• _WORK REQUIRED_
Write out the listing from the line with "decoration apartment 43085733" to the line with "Silicone Oven Mitts", both lines included, exactly and nothing beyond. Leave pictures out.
-------- DATA
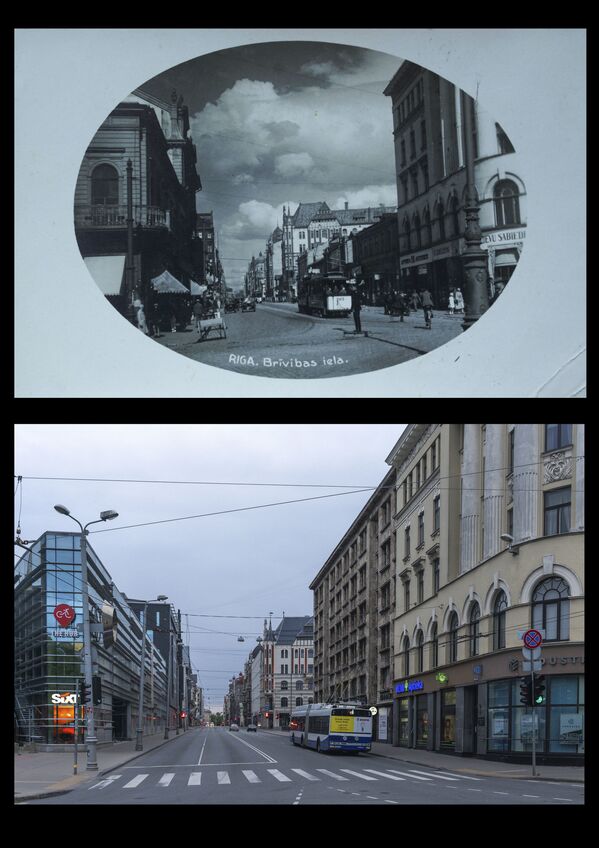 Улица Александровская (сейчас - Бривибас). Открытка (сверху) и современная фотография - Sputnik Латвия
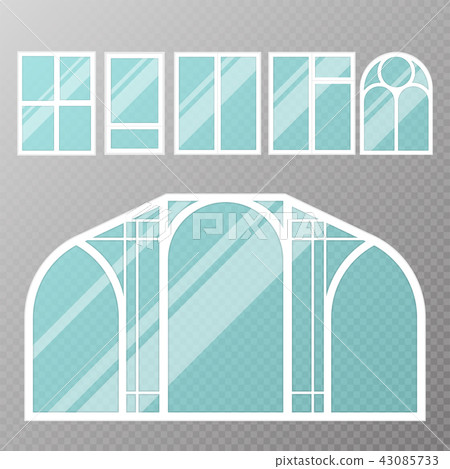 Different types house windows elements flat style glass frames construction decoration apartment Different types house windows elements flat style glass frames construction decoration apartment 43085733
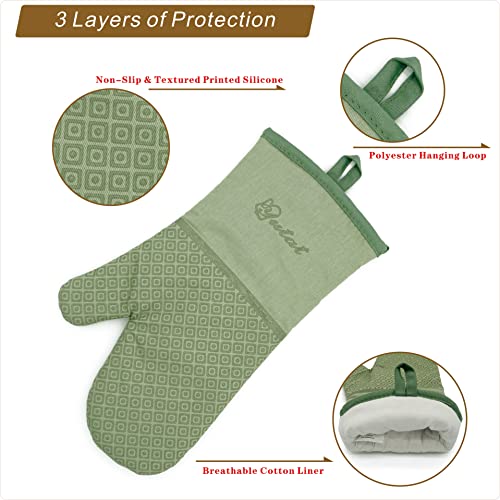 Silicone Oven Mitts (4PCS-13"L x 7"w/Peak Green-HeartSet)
----------------
-------- DATA
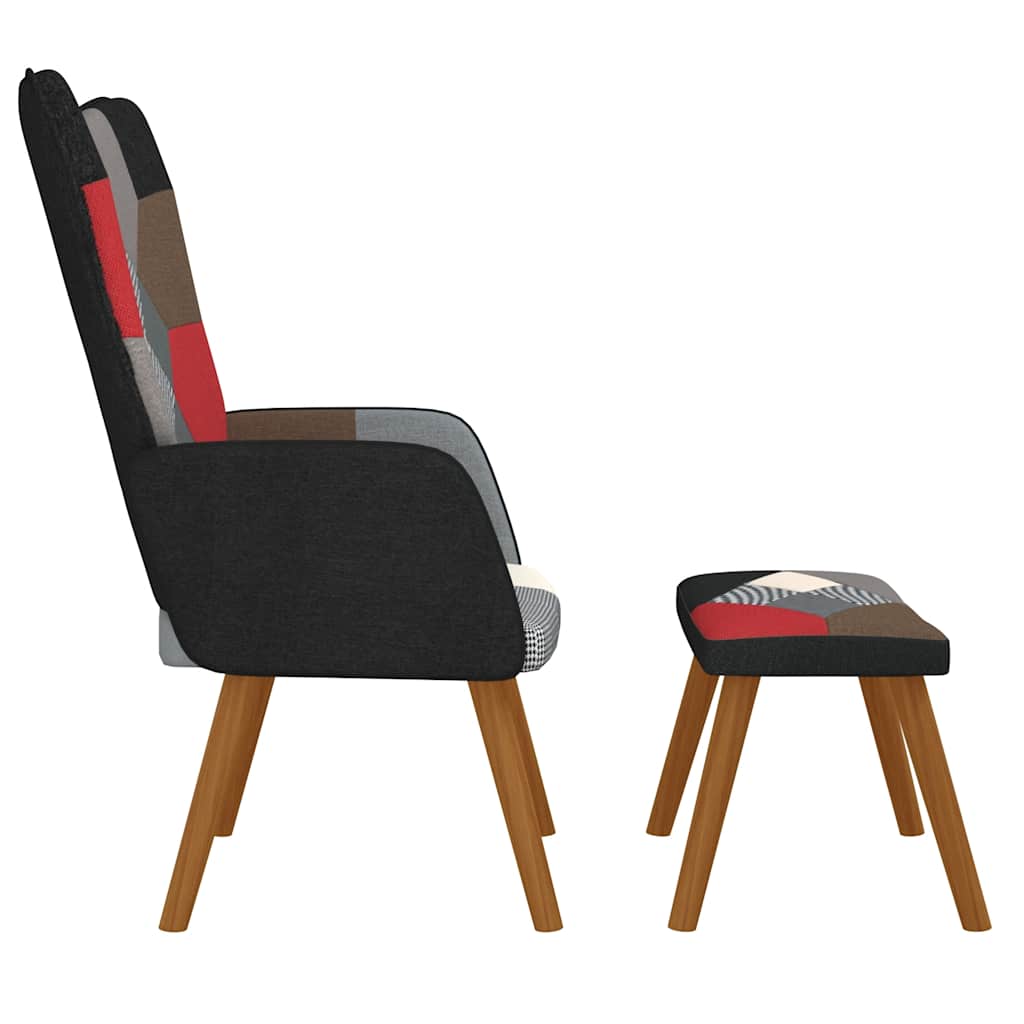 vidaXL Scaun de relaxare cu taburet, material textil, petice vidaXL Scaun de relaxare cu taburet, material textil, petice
----------------
-------- DATA
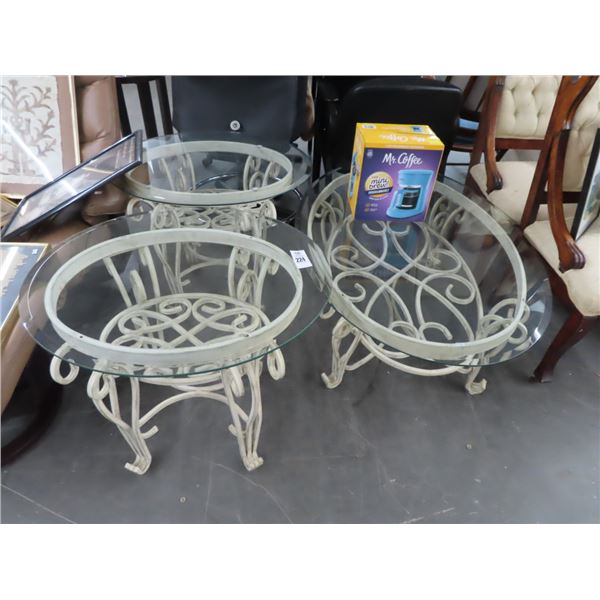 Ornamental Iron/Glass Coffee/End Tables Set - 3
----------------
• _SOLUTION TO THIS TASK_
 Different types house windows elements flat style glass frames construction decoration apartment Different types house windows elements flat style glass frames construction decoration apartment 43085733
 Silicone Oven Mitts (4PCS-13"L x 7"w/Peak Green-HeartSet)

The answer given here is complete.